At least four of the disciples were experienced fishermen; however, even those veteran sailors were unable to salvage the desperate situation they were in. With cold winds whipping at the sailors and waves crashing into the ship, the disciples exhausted themselves trying to keep the vessel afloat. Finally they cried out, “Master, carest thou not that we perish?” (Mark 4:38).
Allow me to close with some observations and what I hope will be some practical lessons. The first, storms in life challenge our faith and acceptance of God’s will. Before the disciples launched the boat out into the sea, Jesus knew the weakness of His disciples’ faith and their failure to put their trust Him.
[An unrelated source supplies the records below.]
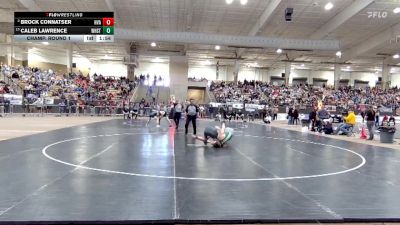 AA 132 lbs Champ. Round 1 - Caleb Lawrence, White Station High School vs Brock Connatser, Hardin Valley Academy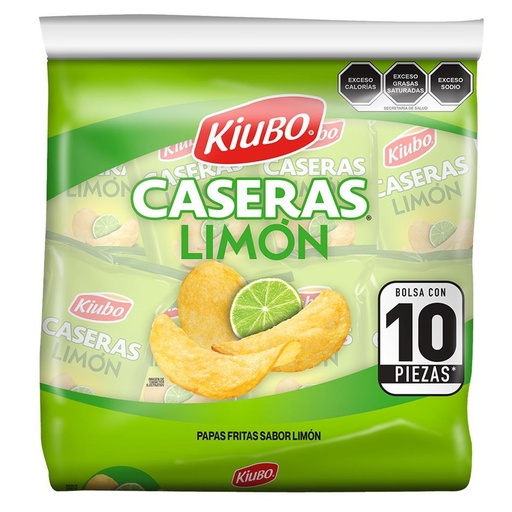 [KIUBO PAPAS CASERAS LIMON 10PZ] Botana Kiubo Papas Caseras Limon 10pz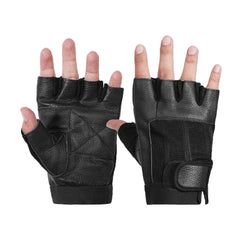Leather / Mesh Fingerless Glove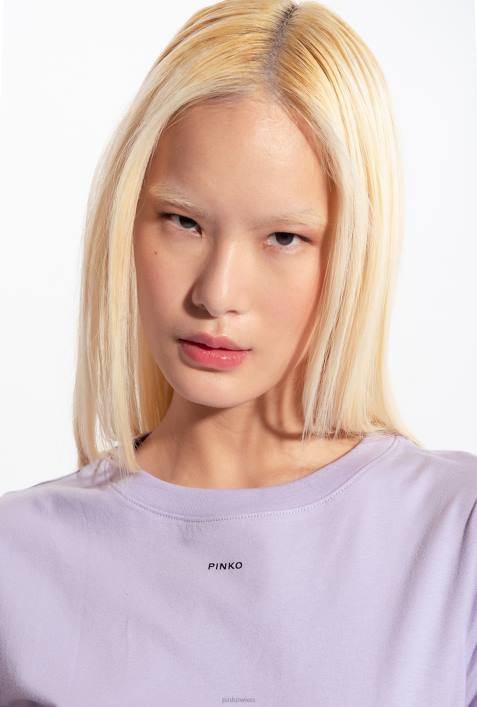 T-Shirt | Pinko Flieder - leichtes Sorbet T-Shirt mit MikroZ4ZP410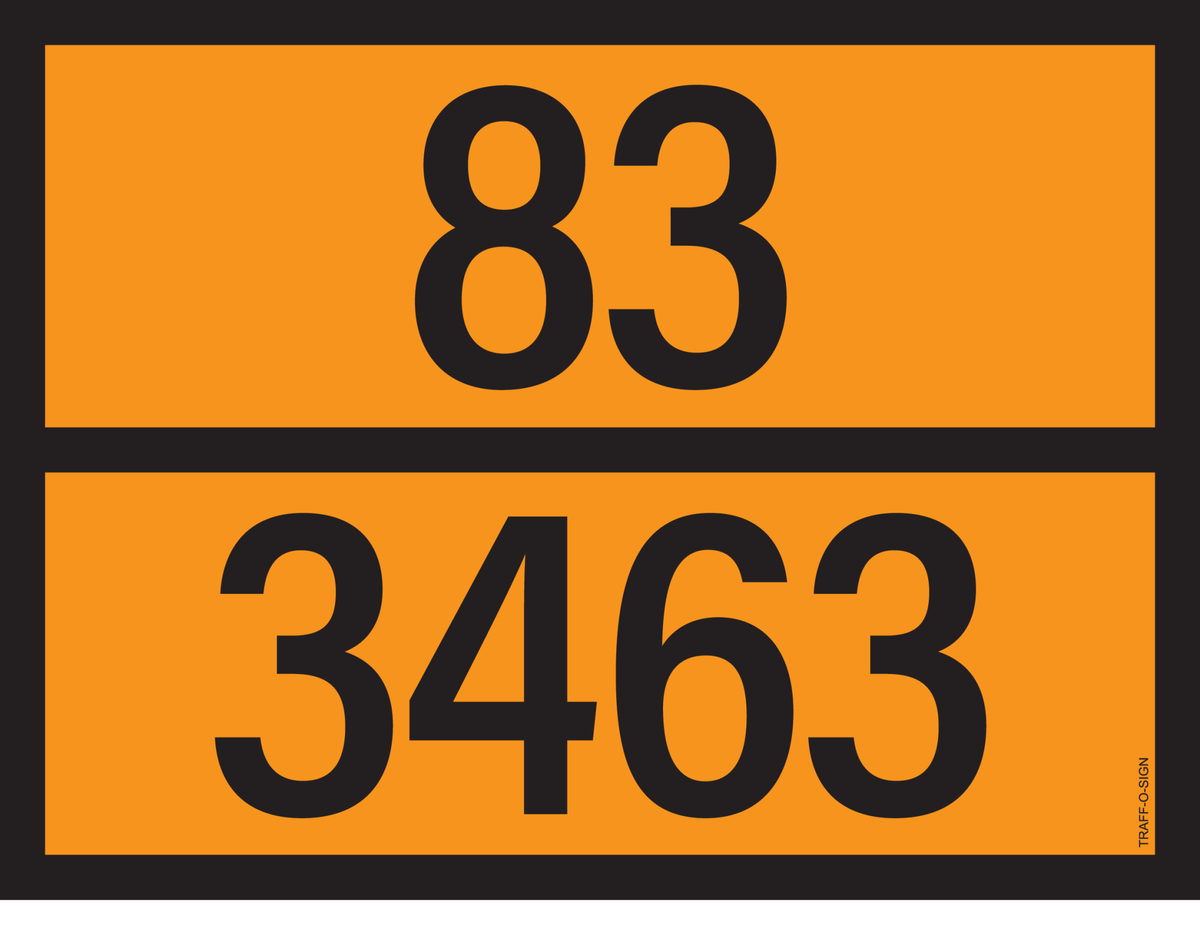 ADR BORD MET GEVARENCODE 83/3463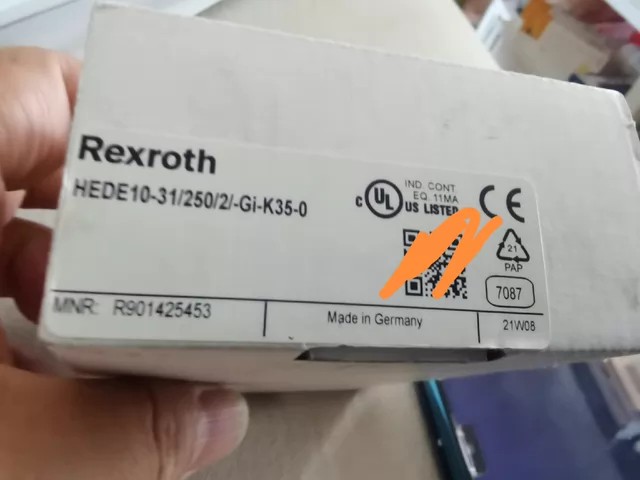 Bosch Rexroth Pressure Sensor HEDE10-31/250/2/-Gi-K35-0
A second lesson, your response to personal storms and trials evidences your faith or lack of faith in God and His plan for your life. The disciples’ response to the storm revealed they did not fully know Who Jesus was! After He commanded the wind and the waves to cease, we read: “they feared exceedingly, and said one to another, What manner of man is this, that even the wind and the sea obey Him?” (Mark 4:41). Jesus used the storm as an opportunity to reveal Who He was and His disciples were struck with fear, awe, and respect.
Someone reading this devotion is in the midst of a storm and feeling overwhelmed by pressing trials. I encourage you to rest in this truth:
Psalm 89:8-9 – “O Lord God of host….Thou rulest the raging of the sea: when the waves thereof arise, thou stillest them.”